▶ Description of the task
In the listing that follows, give every line again exactly and omit the pictures.

Top of Records for the task

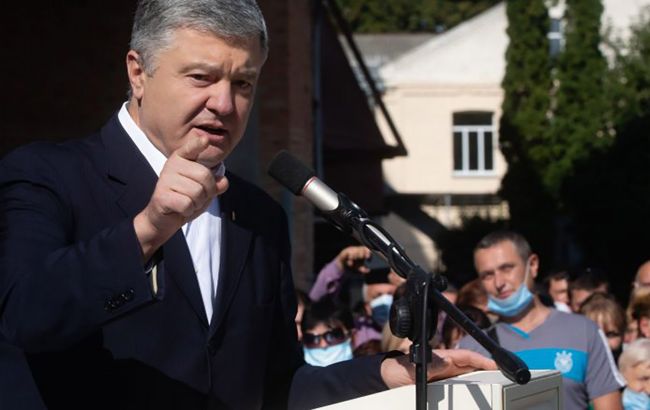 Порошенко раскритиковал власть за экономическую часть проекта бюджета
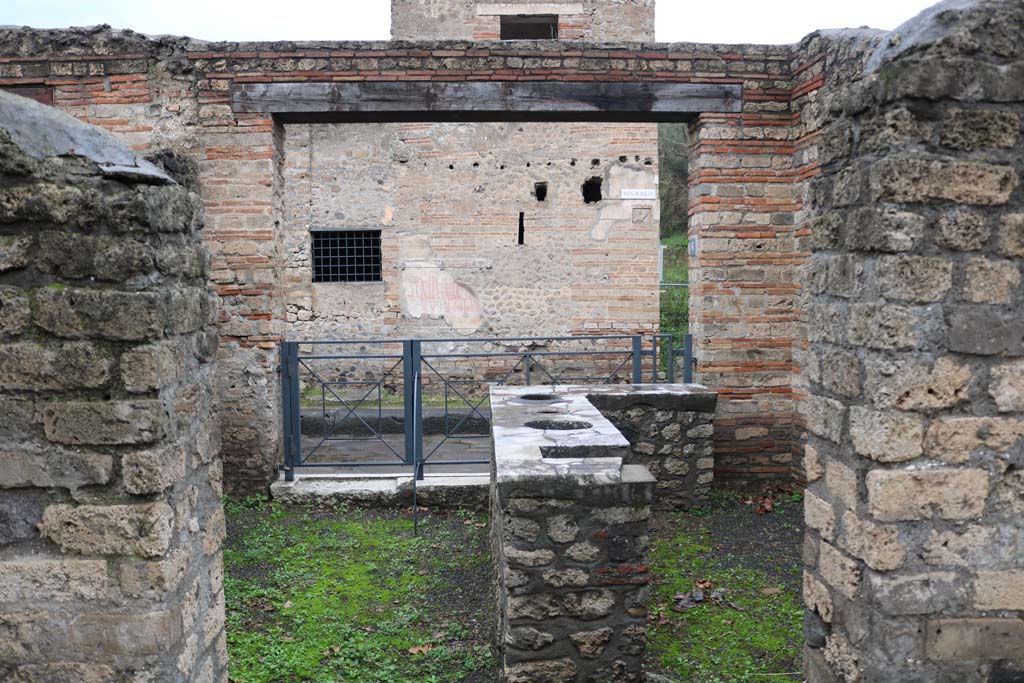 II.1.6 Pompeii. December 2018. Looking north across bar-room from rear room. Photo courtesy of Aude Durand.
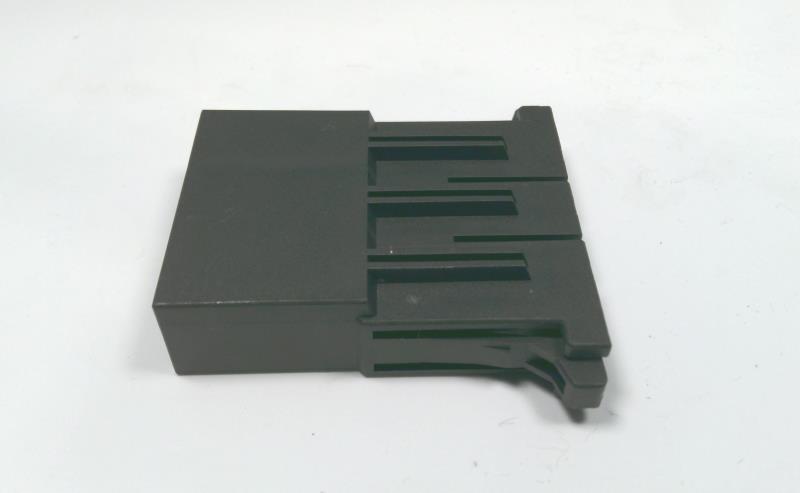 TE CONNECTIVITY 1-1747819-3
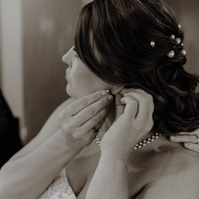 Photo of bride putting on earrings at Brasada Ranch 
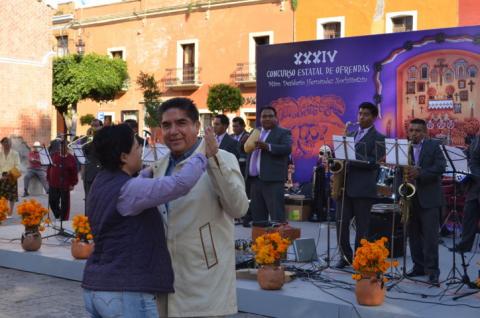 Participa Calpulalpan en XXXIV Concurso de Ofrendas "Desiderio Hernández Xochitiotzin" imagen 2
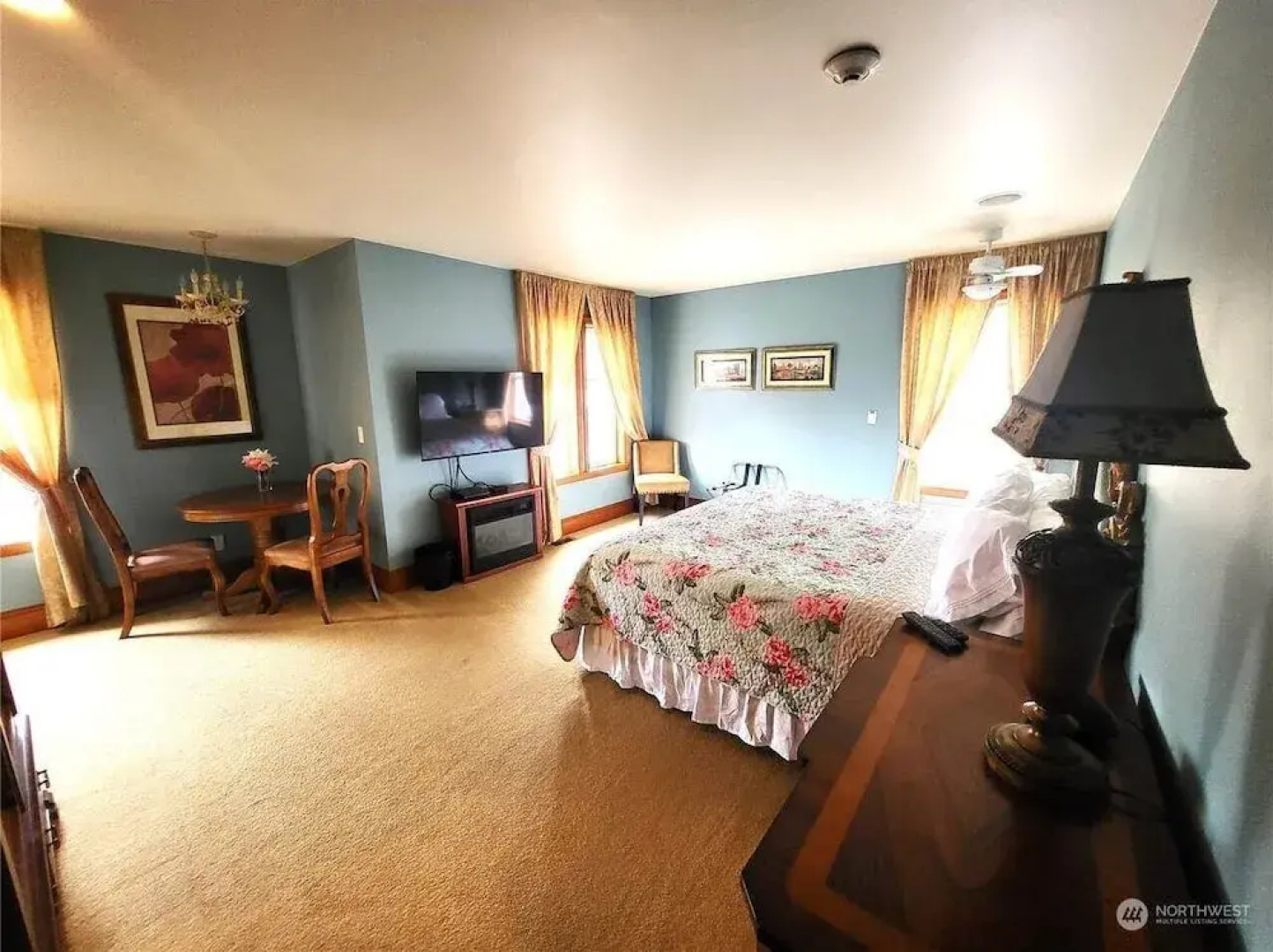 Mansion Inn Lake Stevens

Bottom of Records for the task

▶ Answer to this task
 Порошенко раскритиковал власть за экономическую часть проекта бюджета
 II.1.6 Pompeii. December 2018. Looking north across bar-room from rear room. Photo courtesy of Aude Durand.
 TE CONNECTIVITY 1-1747819-3
 Photo of bride putting on earrings at Brasada Ranch 
 Participa Calpulalpan en XXXIV Concurso de Ofrendas "Desiderio Hernández Xochitiotzin" imagen 2
 Mansion Inn Lake Stevens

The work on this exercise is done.